Values increased 1 percent from the previous month, when they rose 0.4 percent, the mortgage unit of Lloyds Banking Group Plc (LLOY) said in a statement in London today. From a year earlier, prices were down 0.2 percent to an average 162,417 pounds ($253,200).
The U.K. property market has struggled to recover amid tight lending conditions that’s made it difficult to get a mortgage. The Bank of England, which is working on a new plan with the government to boost lending, will probably decide today to expand stimulus to stoke an economic recovery and keep its benchmark interest rate at a record low.

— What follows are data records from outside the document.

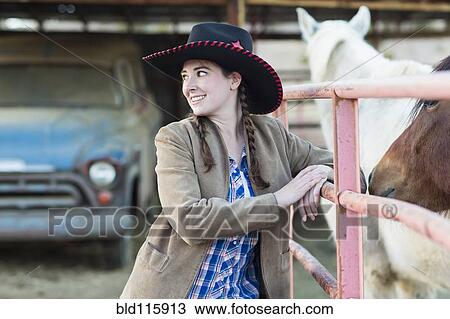 Caucasian girl smiling on farm View Large Photo Image Stock Image - Caucasian girl smiling on farm. Fotosearch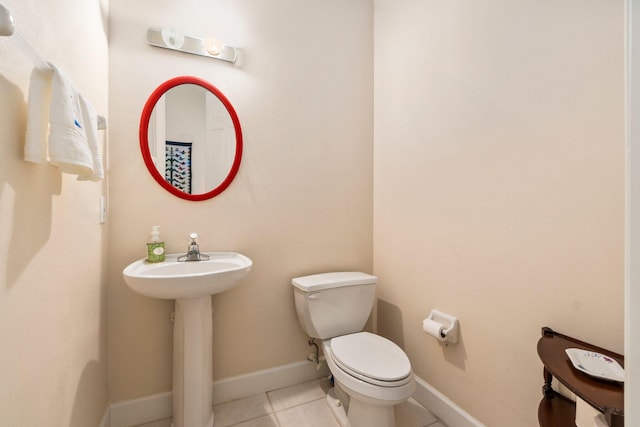 bathroom featuring toilet and tile flooring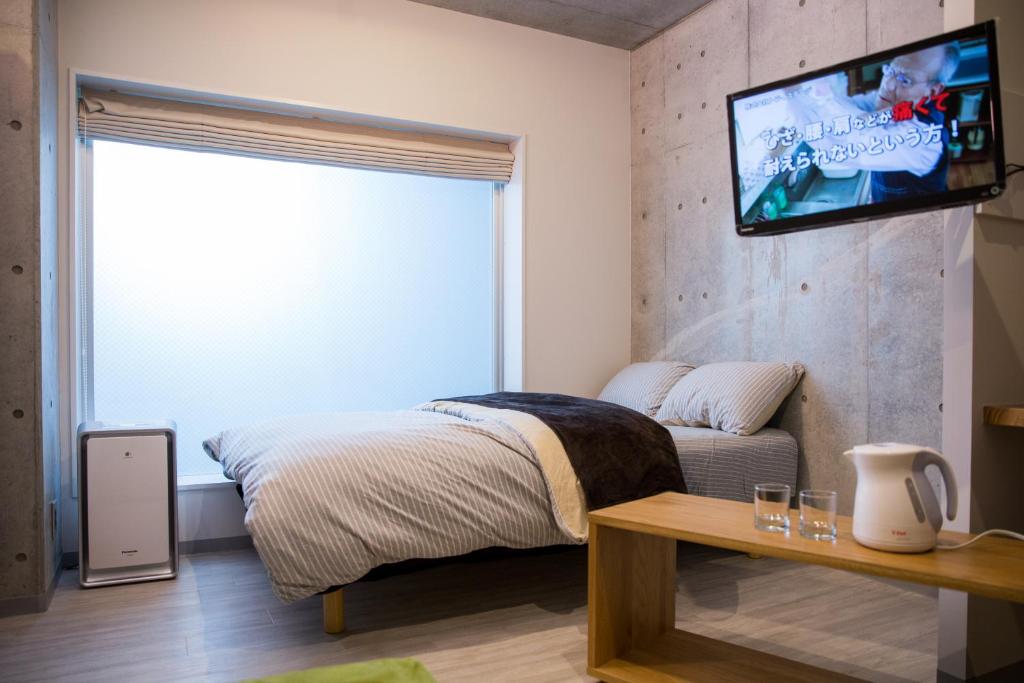 1 dormitorio con 1 cama y TV en la pared en bmj Shinjuku Okubo en Tokio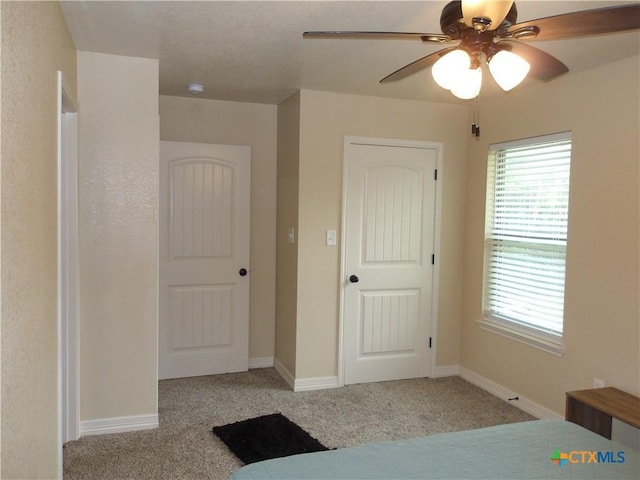 2807 Terrace Dr, Killeen, TX 76543 - unfurnished bedroom featuring carpet flooring, multiple windows, and ceiling fan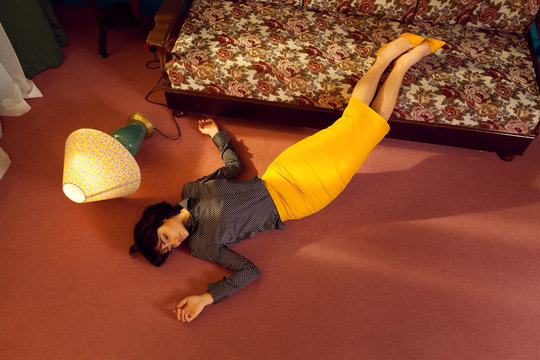 depressed young woman lies down on the floor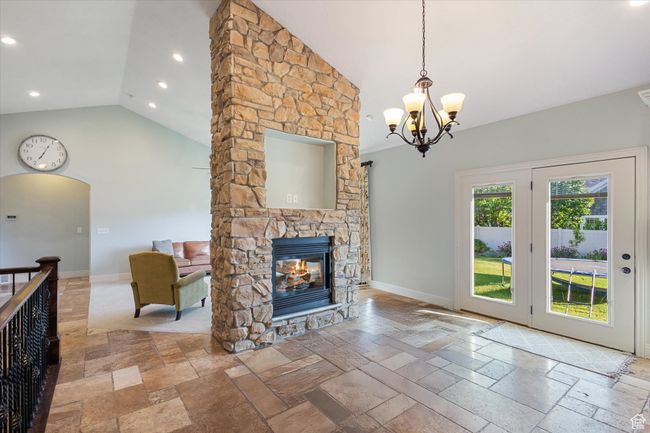 Living room with stone tile flooring, a chandelier, a stone fireplace, baseboards, and recessed lighting | Image 6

“Continuing low levels of mortgage payments relative to income and recent increases in employment may have helped support house prices so far this year,” Halifax economist Martin Ellis said. “We expect little change in prices and sales over the remainder of the year provided that the U.K.’s economic outlook does not deteriorate significantly.”
Over the past year, there have been six monthly price increases and six declines, based on Halifax data. In the second quarter, values fell 0.3 percent compared with the quarter through March and were down 0.5 percent from a year earlier.
Other recent data point to a slowdown in the housing market. Hometrack Ltd. said this week that property prices stopped rising in June for the first time in four months as economic uncertainty and a seasonal slowdown curtailed activity in a market that now faces “downward pressure.” Nationwide Building Society said prices fell 0.6 percent last month.
Mortgage approvals fell to 51,098 in May from 51,627 the previous month, the Bank of England said on July 3.
Policy makers will probably increase their bond-purchase program by 50 billion pounds to 375 billion pounds, according to the median estimate of 41 economists in a Bloomberg News survey. They’ll also hold the benchmark interest rate at 0.5 percent, according to a separate poll. The bank will announce the decisions at noon in London.